If you have a cluster of, let’s say, 5 nodes, there should be one Icarus server running alongside each node.

Each Icarus is independent and will execute operations only against the particular node it is configured to interact with. However, for backups and restores, we need to have a cluster-wide orchestration layer which deals with the complicated logic of on-the-fly backup and restore for the whole cluster. This mode of operation is called "global". When a backup request is sent to one of sidecars, whichever Icarus does the job will act as a coordinator of that operation.

The job of a coordinator Icarus is to disperse individual requests to each node in a cluster (and to itself as well), and continually pull for results and advance the execution once all nodes finish their phases.
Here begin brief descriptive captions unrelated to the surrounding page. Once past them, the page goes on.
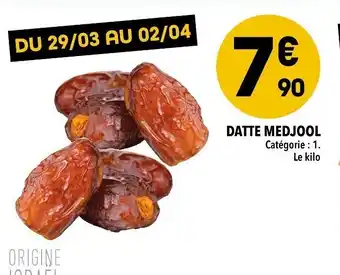 Datte Medjool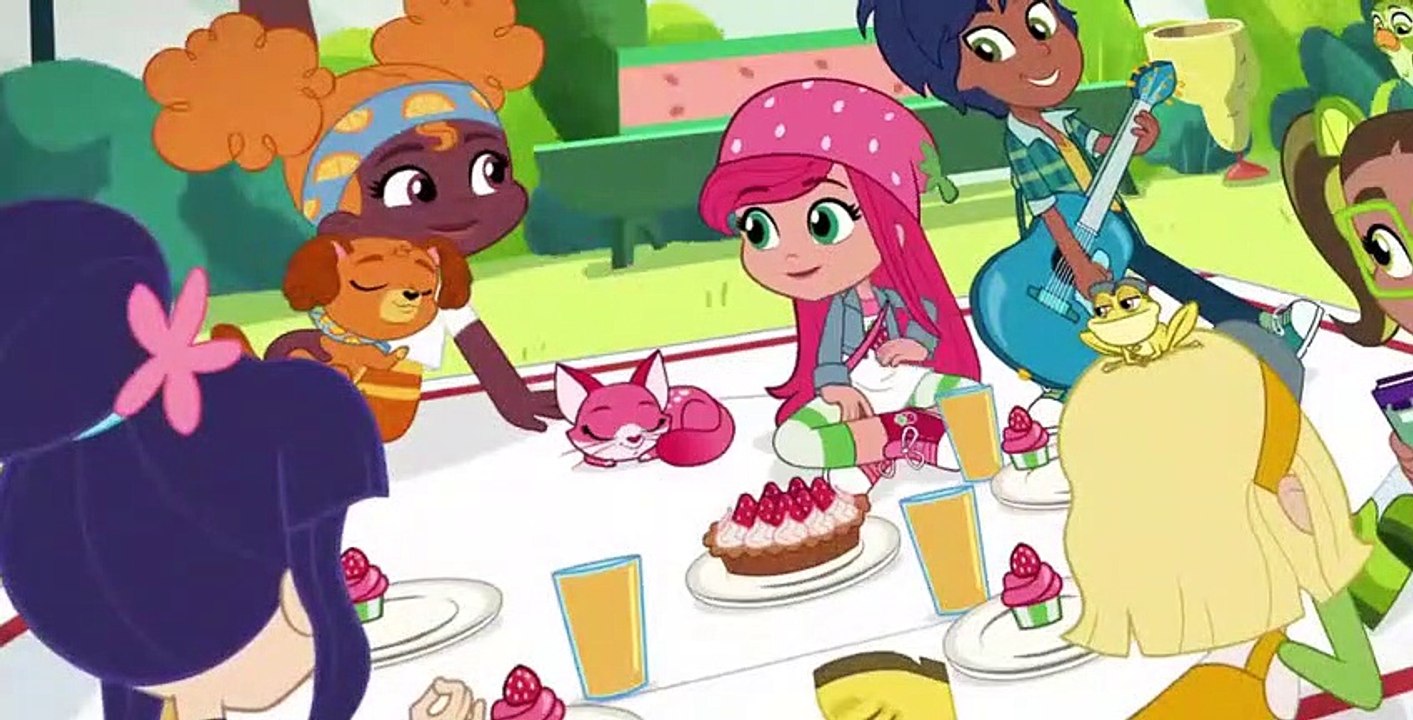 Strawberry Shortcake: Berry in the Big City E002 - 003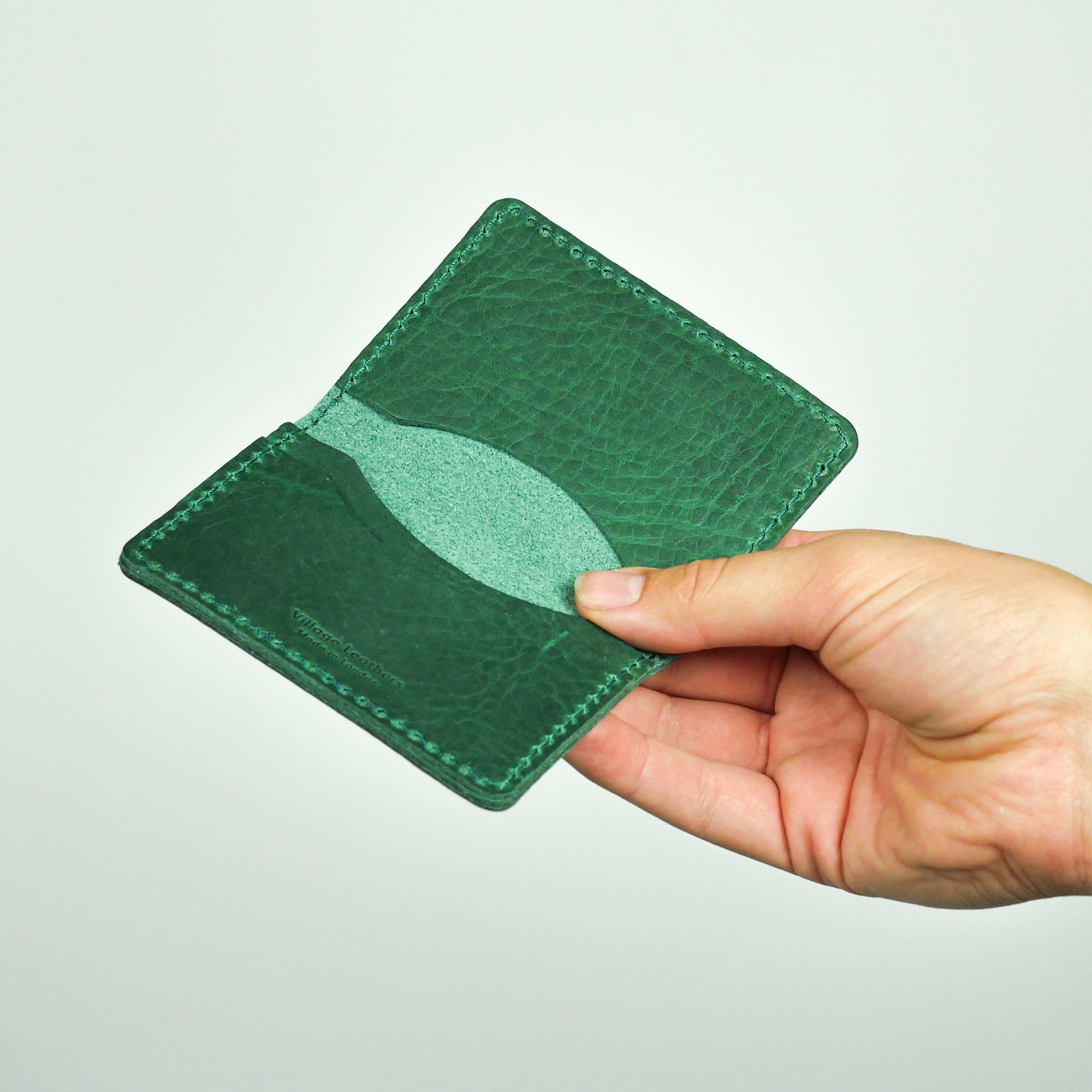☆LEMASQUE☆ Dot Saddle Slim Mini Transit Card Wallet Green MUSINSA | LEMASQUE Dot Saddle Slim Mini Transportation Card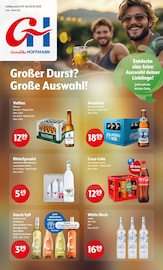 Aktueller Getränke Hoffmann Getränkemarkt Prospekt in Dätgen und Umgebung, "Aktuelle Angebote" mit 9 Seiten, 21.07.2025 - 26.07.2025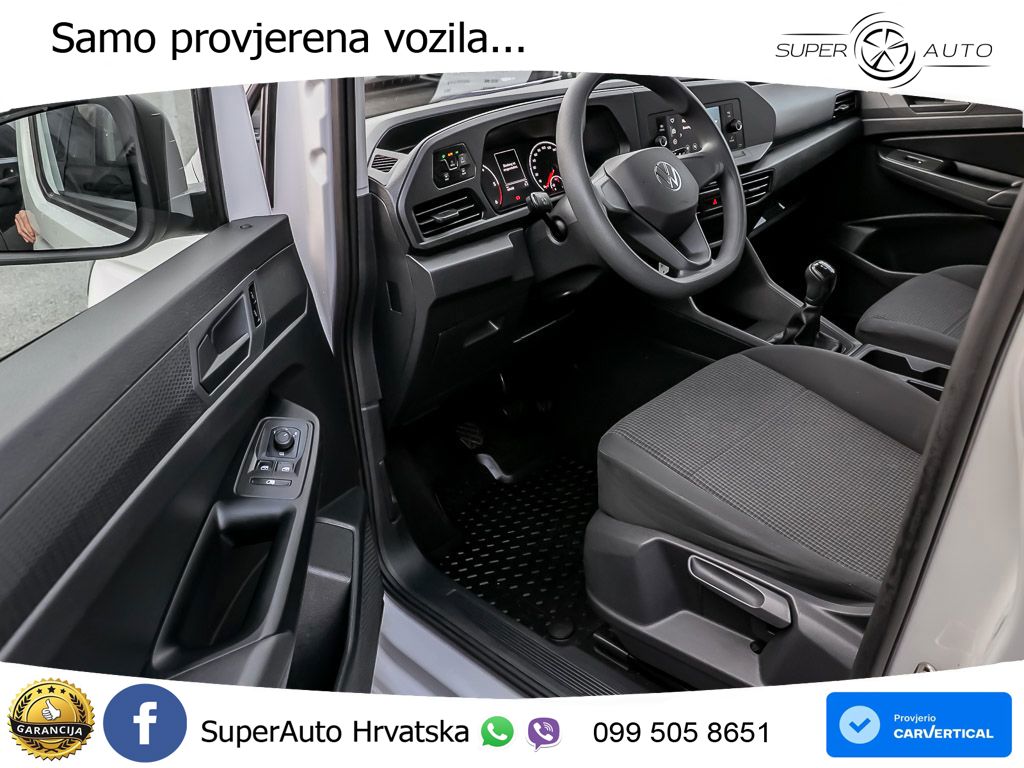 VW Caddy 102 KS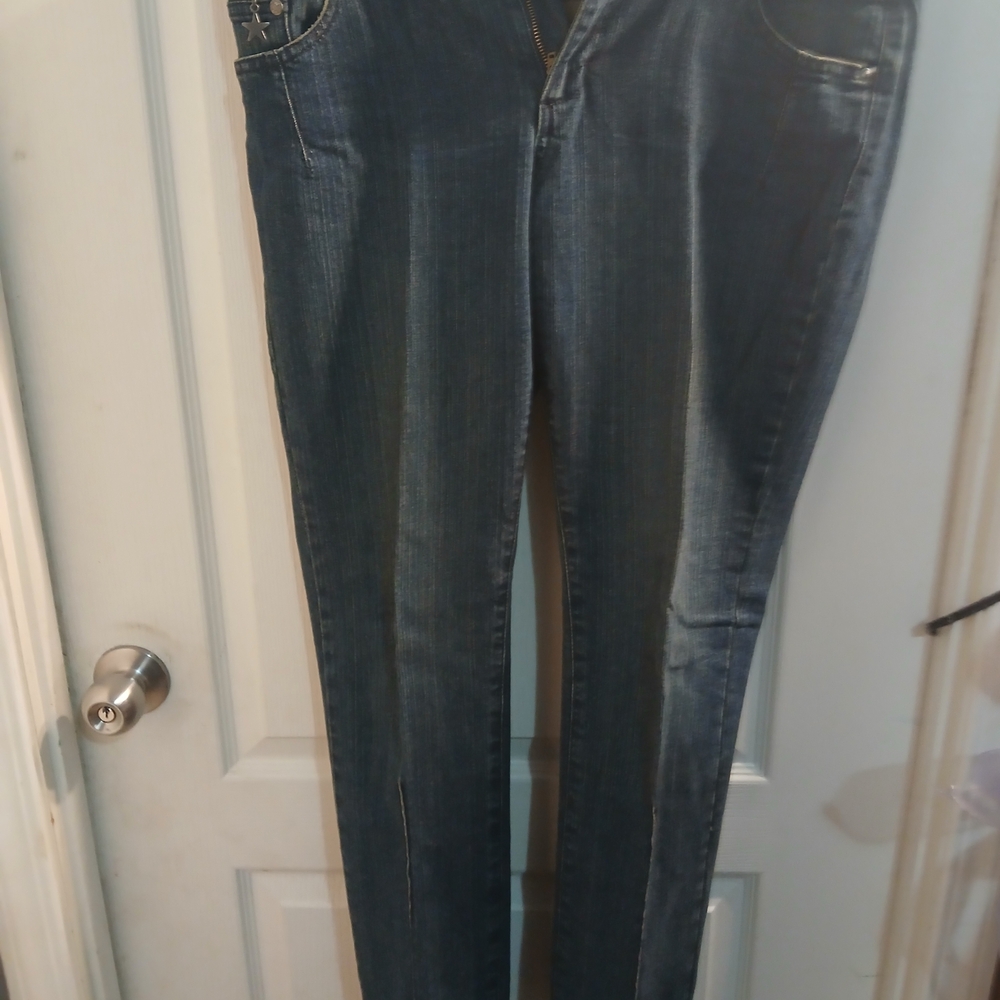 No Boundaries Dark Wash Skinny Jeans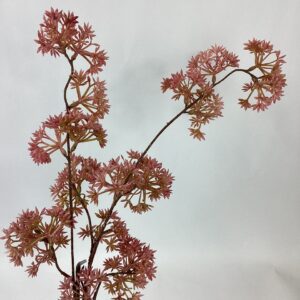 Artificial Allium Spray Pink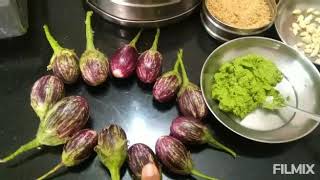 bharli vangi recipe in marathi [upl. by Ellehcear]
Backup and restore only advances to the other phase when all nodes have finished the current phase a coordinator orchestrates. After all phases are passed successfully, the coordinator’s operation transitions to completed state.

Currently, the coordination/orchestration layer is done only for backup and restore operations as they require such behavior inherently. All other operations are, as of now, executed only against one particular sidecar and only that particular Cassandra node it is configured to connect to is affected.

Note
For global operation cases, it is important to realize that there is not any main Icarus; all Icaruses are equal in their role— only if a global request is sent to one particular Icarus during backup or restore will it result in it being promoted to be a coordinator of a cluster-wide backup and restore operation.
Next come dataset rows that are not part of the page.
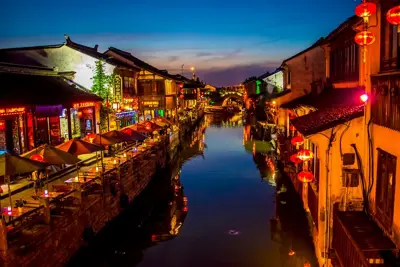 Tour Thượng Hải - Vô Tích - Tô Châu - Hàng Châu - Ô Trấn 6 ngày 5 đêm (ảnh 2)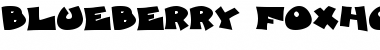 Download Blueberry Font Download Blueberry Font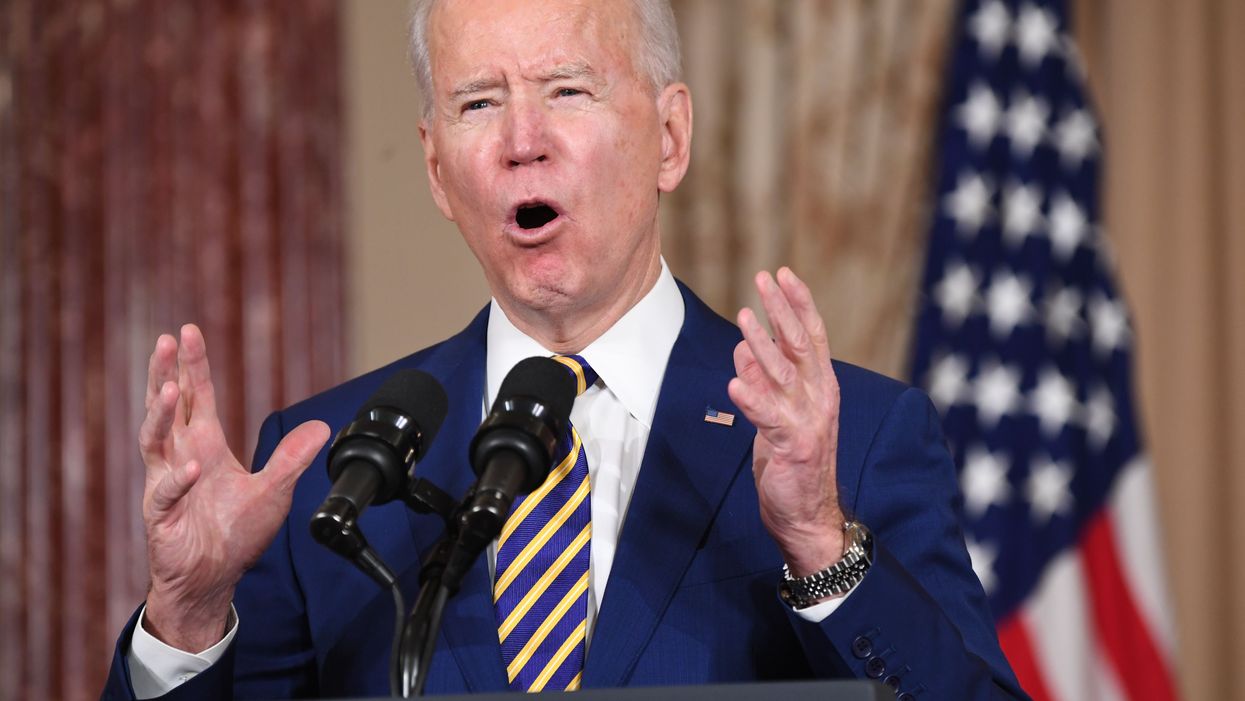 Joe Biden makes a not-so-subtle dig at Ivanka Trump in first interview as president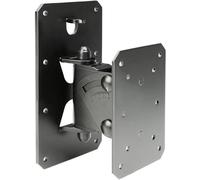 Gravity SP WMBS 30 B - Supporto da muro inclinabile e orientabile per casse fino a 30 kg, nero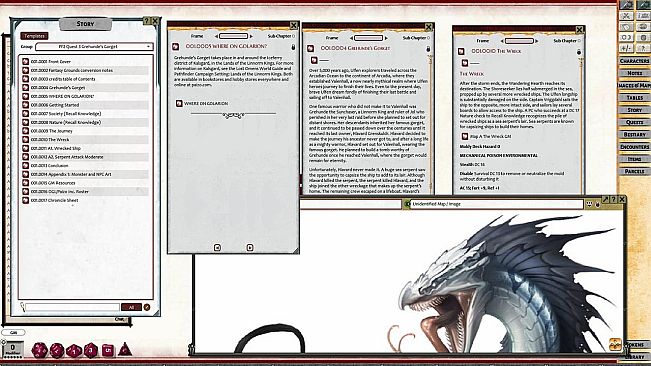 Fantasy Grounds - Pathfinder 2 RPG - Pathfinder Society Quest #3: Grehunde's Gorget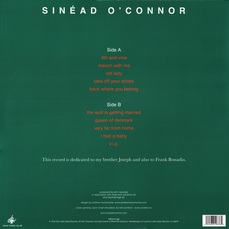 LP back, US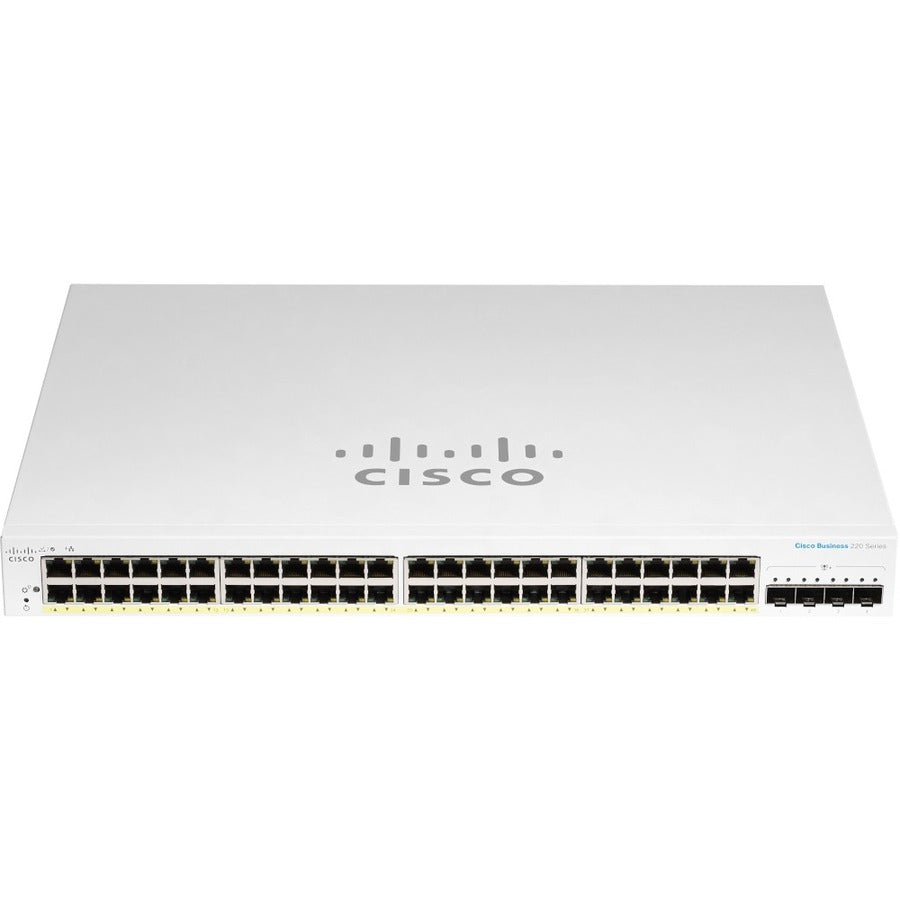 Cisco Business CBS220-48P-4G Ethernet Switch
The whole idea of how Icarus works in the case of backup/restore is depicted in the following image:

Icarus Workflow
  • c1,c2,c3 are Cassandra nodes, forming a ring

  • Client is a REST client, submitting operations (1) to Icarus, s1. In the image, it acts as a coordinator of the whole operation

  • Coordinator Icarus disperses modified requests (2) to other Icaruses, s2 and s3 (it sends a request to itself too)

  • each Icarus talks to Cassandra via JMX (3), executing its particular operation

  • s1 knows that other nodes finished a phase because it is continually retrieving these operations and checks its statuses (4)
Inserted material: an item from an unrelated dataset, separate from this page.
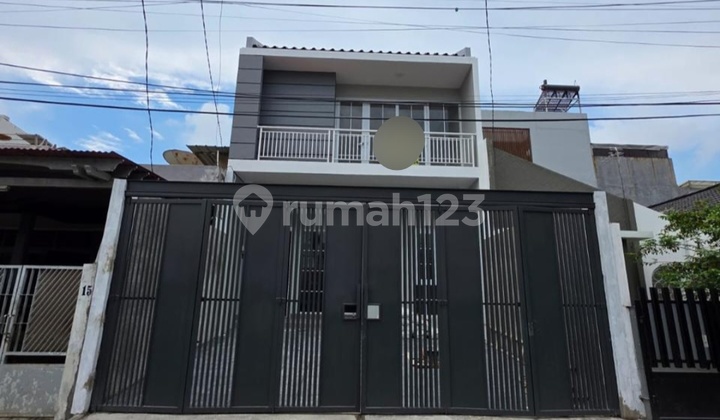 Rumah Brandnew Modern Minimalis di Sunrise Garden, Jkt Brt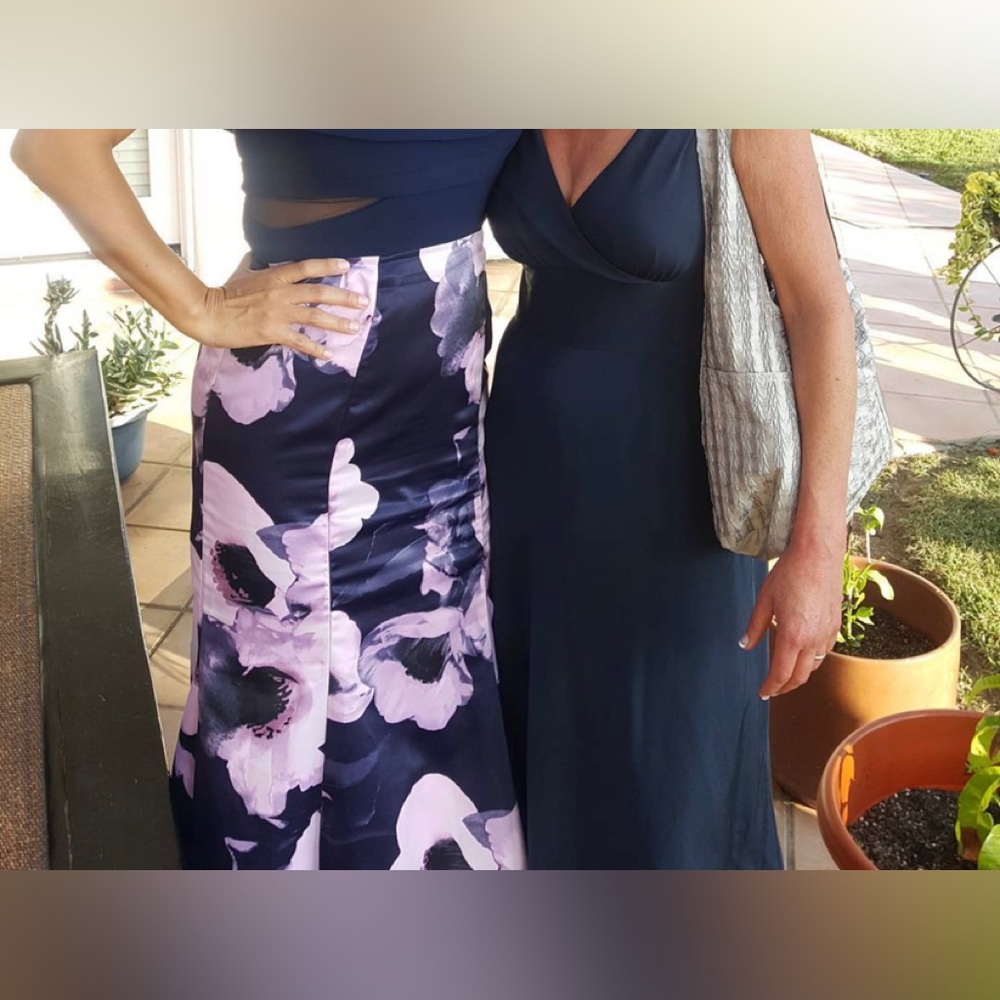 Off the Shoulder Neckline Cocktail Dress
  • After orchestration is done and all phases are finished, client can retrieve its status (5). Icarus does not try to send anything back to client on its own. We can only query it.

Build and Release

$ mvn clean install

If you want to build rpm or deb package, you need to enable rpm and/or deb Maven profile.

There are built RPM and DEB packages for each GitHub release as well as Icarus JAR. We are publishing each release to Maven central.

If you install RPM or DEB package, there is a bash script installed in /usr/local/bin/icarus via which Icarus is interacted with. You can or course invoke Icarus via java -jar icarus.jar.

CLI Tool or Server?

Whatever installation method you prefer, Icarus contains both an Esop and Icarus servers. The reason for CLI being embedded into Icarus is purely practical—Icarus needs to be able to do backup/restores and this implementation logic is located in Esop, so Icarus depends on this tool. Secondly, we do not need two separate JARs—this is particularly handy when Icarus is used in our Kubernetes operator for Cassandra for restoration purposes. It is invoked like a CLI tool but for the sidecar container; it is invoked like a server application which accepts user’s operation requests from the operator.

Note
Icarus reuses Esop—that means that the configuration parameters for CLI of Esop have the same meaning for Icarus. Instead of feeding these flags via CLI in the case of Esop, we interact with Icarus via REST by sending a JSON body to the operations endpoint.
$ java -jar target/icarus.jar
Usage: <main class> [-hV] [COMMAND]
  -h, --help      Show this help message and exit.
  -V, --version   Print version information and exit.
Commands:
  esop    Application for backup and restore of a Cassandra node.
  icarus  Sidecar management application for Cassandra.

To execute Icarus:

$ java -jar target/icarus.jar icarus

To execute help for Icarus:

$ java -jar target/icarus.jar icarus help

Connecting to Cassandra

By default, Icarus uses 127.0.0.1:7199 for JMX connection to Cassandra. Please consult Icarus help command to learn how to secure it, or how to point it to another location.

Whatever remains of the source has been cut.